Synthetic Data Evaluation

Generating synthetic data is only half the challenge. The critical question is: how realistic is it? If the synthetic data fails to reproduce the statistical properties of real market data – marginal distributions, temporal dependencies, variance structure – then models trained on it will learn spurious patterns. This page covers rigorous evaluation methods using the SyntheticDataEvaluator class.

Never use synthetic data for backtesting or model training without first validating its quality against real data. Evaluation should be a mandatory step in every synthetic data pipeline.

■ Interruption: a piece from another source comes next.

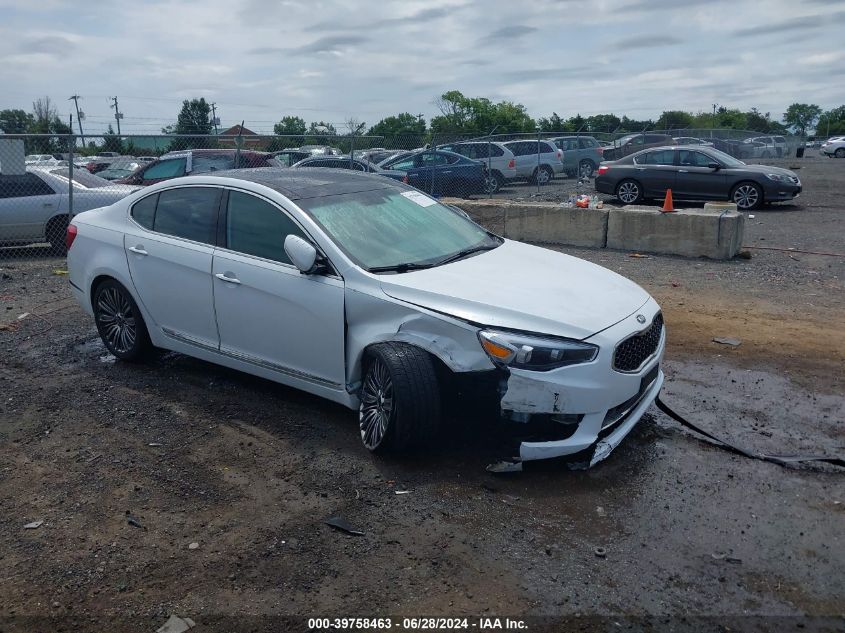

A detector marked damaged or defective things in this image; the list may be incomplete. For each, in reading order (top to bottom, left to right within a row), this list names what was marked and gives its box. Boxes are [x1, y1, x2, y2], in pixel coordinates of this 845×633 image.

damaged white sedan [66, 167, 664, 464]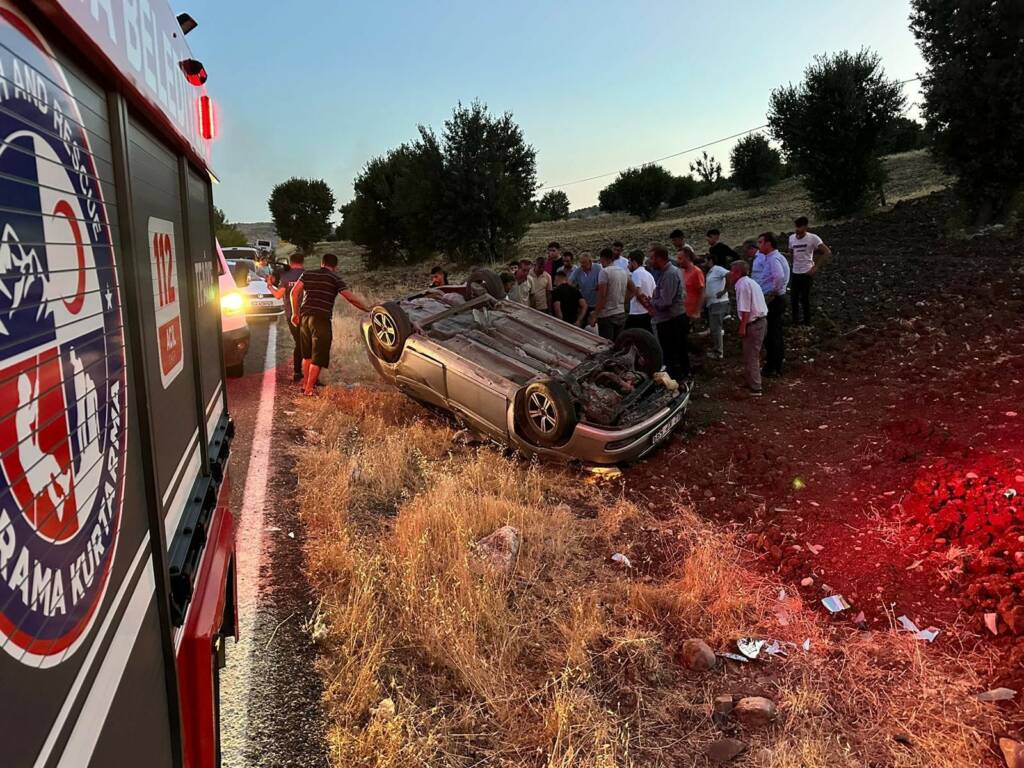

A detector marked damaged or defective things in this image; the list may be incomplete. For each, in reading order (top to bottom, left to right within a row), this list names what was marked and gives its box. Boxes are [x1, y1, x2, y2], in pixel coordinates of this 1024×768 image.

overturned silver car [360, 270, 688, 462]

The SyntheticDataEvaluator

The SyntheticDataEvaluator class provides three complementary evaluation methods, plus a convenience method that runs all of them:

from puffin.deep.gan import SyntheticDataEvaluator

evaluator = SyntheticDataEvaluator()

Each method targets a different aspect of data fidelity:

Distribution comparison: Are the marginal distributions of each feature preserved?
Autocorrelation comparison: Are the temporal dependencies preserved?
PCA comparison: Is the variance and covariance structure preserved?

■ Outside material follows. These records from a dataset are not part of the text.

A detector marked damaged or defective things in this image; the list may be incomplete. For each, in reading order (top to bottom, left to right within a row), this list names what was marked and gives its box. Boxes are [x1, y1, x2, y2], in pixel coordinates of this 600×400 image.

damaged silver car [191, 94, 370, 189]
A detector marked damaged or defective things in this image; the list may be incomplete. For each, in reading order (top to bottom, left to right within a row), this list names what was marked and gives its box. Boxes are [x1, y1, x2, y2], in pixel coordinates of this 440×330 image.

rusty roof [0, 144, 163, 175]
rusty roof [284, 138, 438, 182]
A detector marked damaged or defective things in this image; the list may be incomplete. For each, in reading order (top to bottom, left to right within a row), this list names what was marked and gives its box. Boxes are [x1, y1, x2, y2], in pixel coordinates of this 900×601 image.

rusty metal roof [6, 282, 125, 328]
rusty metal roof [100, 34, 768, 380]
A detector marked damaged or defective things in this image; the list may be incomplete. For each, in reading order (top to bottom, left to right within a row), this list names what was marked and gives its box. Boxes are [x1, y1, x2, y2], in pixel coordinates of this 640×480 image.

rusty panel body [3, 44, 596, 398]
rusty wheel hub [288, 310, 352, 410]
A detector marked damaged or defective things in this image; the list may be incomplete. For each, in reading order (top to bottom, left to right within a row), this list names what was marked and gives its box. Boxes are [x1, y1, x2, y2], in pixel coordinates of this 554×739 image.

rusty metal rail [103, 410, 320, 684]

Distribution Comparison (KS Test)

The Kolmogorov-Smirnov test compares the empirical CDFs of each feature between real and synthetic data. It is non-parametric – no assumptions about the underlying distribution.

import numpy as np
from puffin.deep.gan import GAN, SyntheticDataEvaluator

# Generate real and synthetic data
np.random.seed(42)
real_data = np.random.randn(1000, 20)

gan = GAN(latent_dim=10, data_dim=20)
gan.train(real_data, epochs=100, batch_size=64, lr=0.0002, verbose=False)
synthetic_data = gan.generate(n_samples=1000)

# Compare distributions
evaluator = SyntheticDataEvaluator()
dist_results = evaluator.compare_distributions(real_data, synthetic_data)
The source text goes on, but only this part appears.